### Supplied records
=======
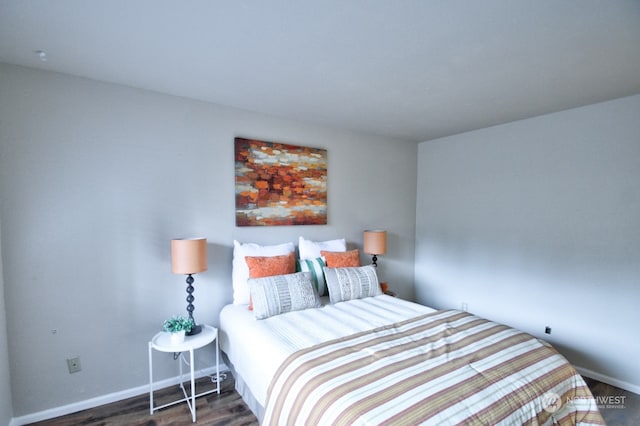 bedroom featuring dark hardwood / wood-style floors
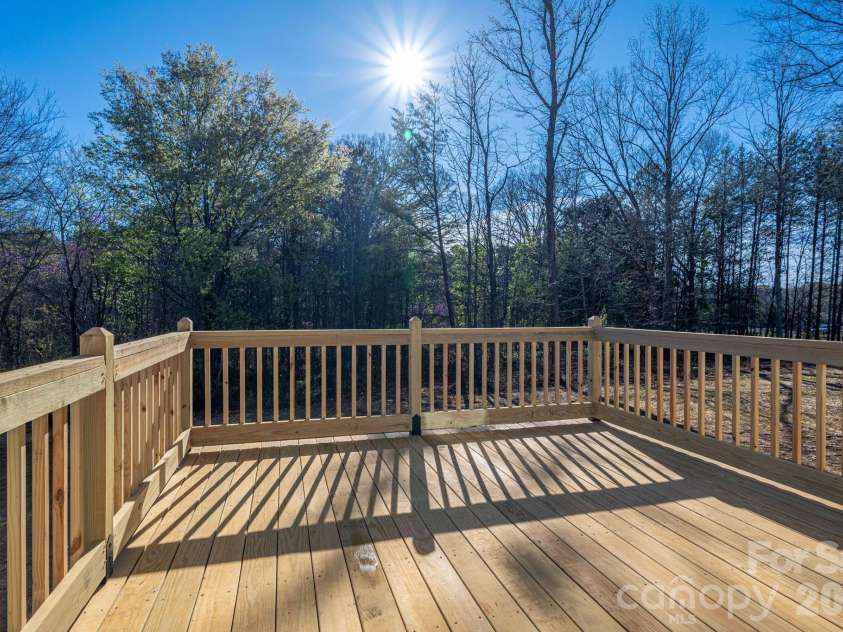 1928 Noles Circle, Lincolnton, NC 28092.  MLS# CAR4359715, YatesRealty ID 7023. View from deck.  Woods bordering yard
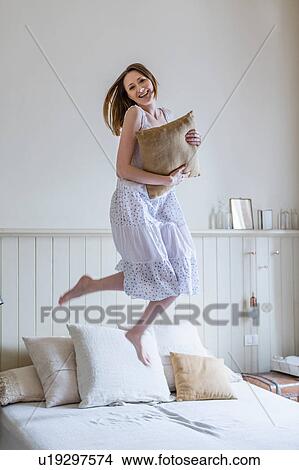 Picture - Woman wearing white dress jumping on bed looking at camera smiling. Fotosearch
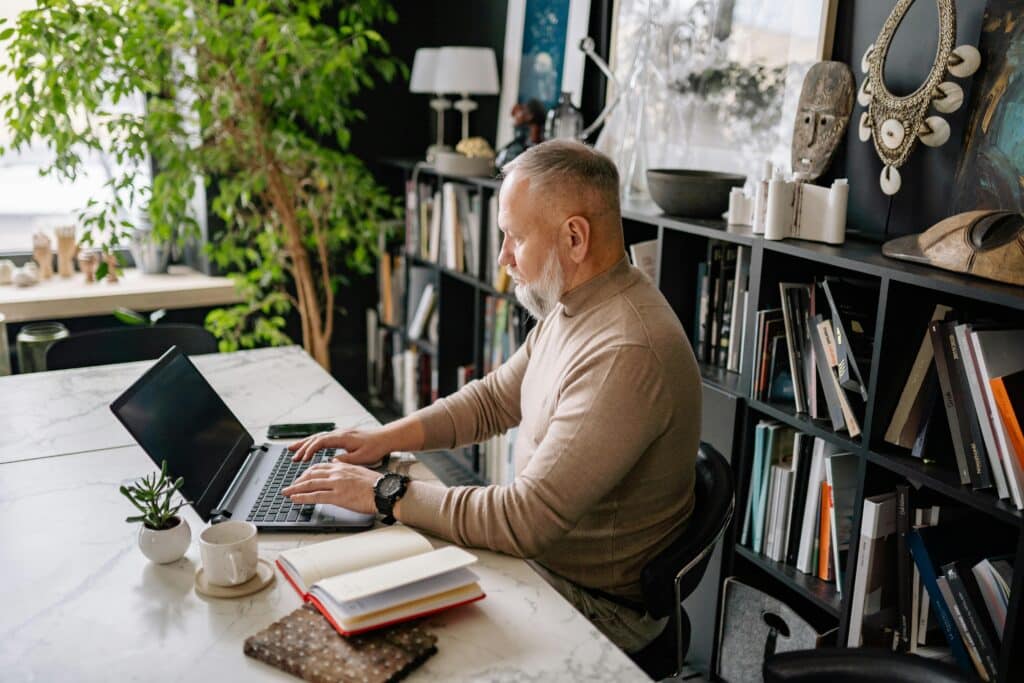 A person types on a laptop at a stylish desk surrounded by plants and bookshelves, with notebooks and cups nearby.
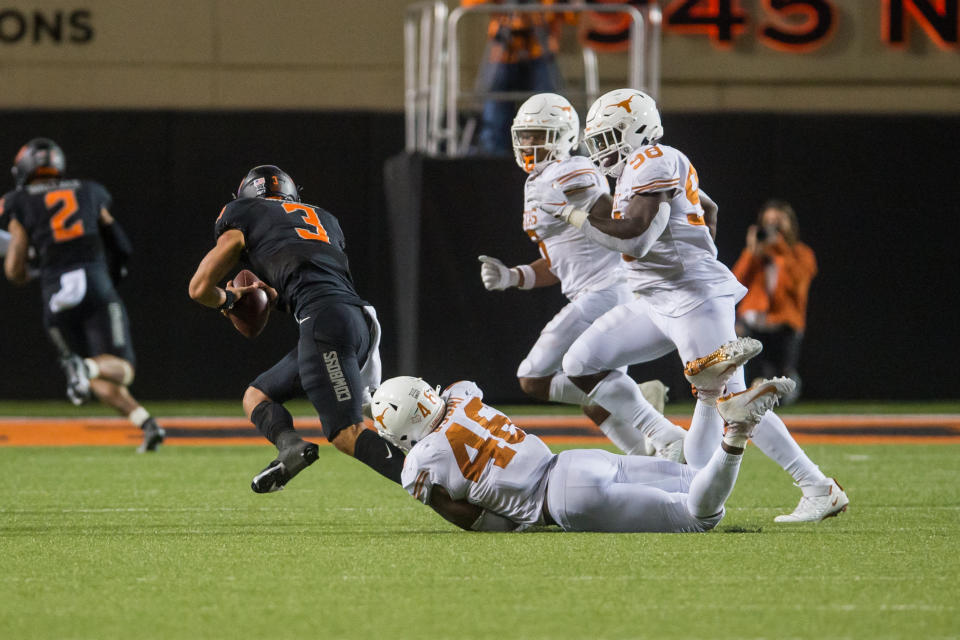 Texas EDGE Joseph Ossai logs one of his three sacks against Oklahoma State. (Brett Rojo-USA TODAY Sports)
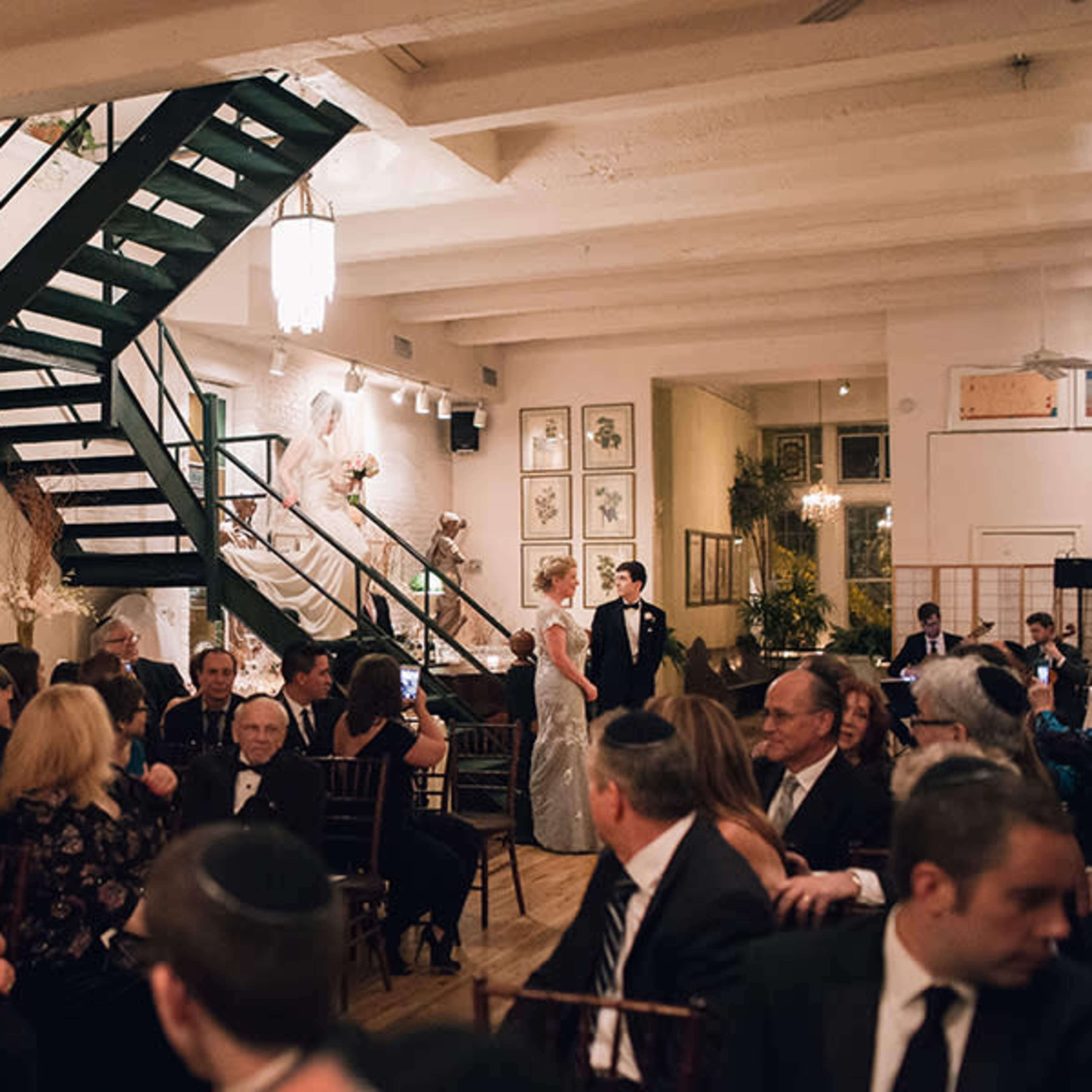 A crowded banquet hall with guests seated at tables, an elegant staircase in the background, and a couple standing near the center of the room.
=======
### What to work on
Copy all the records above exactly, but leave out the pictures.

### Exercise answer
 bedroom featuring dark hardwood / wood-style floors
 1928 Noles Circle, Lincolnton, NC 28092.  MLS# CAR4359715, YatesRealty ID 7023. View from deck.  Woods bordering yard
 Picture - Woman wearing white dress jumping on bed looking at camera smiling. Fotosearch
 A person types on a laptop at a stylish desk surrounded by plants and bookshelves, with notebooks and cups nearby.
 Texas EDGE Joseph Ossai logs one of his three sacks against Oklahoma State. (Brett Rojo-USA TODAY Sports)
 A crowded banquet hall with guests seated at tables, an elegant staircase in the background, and a couple standing near the center of the room.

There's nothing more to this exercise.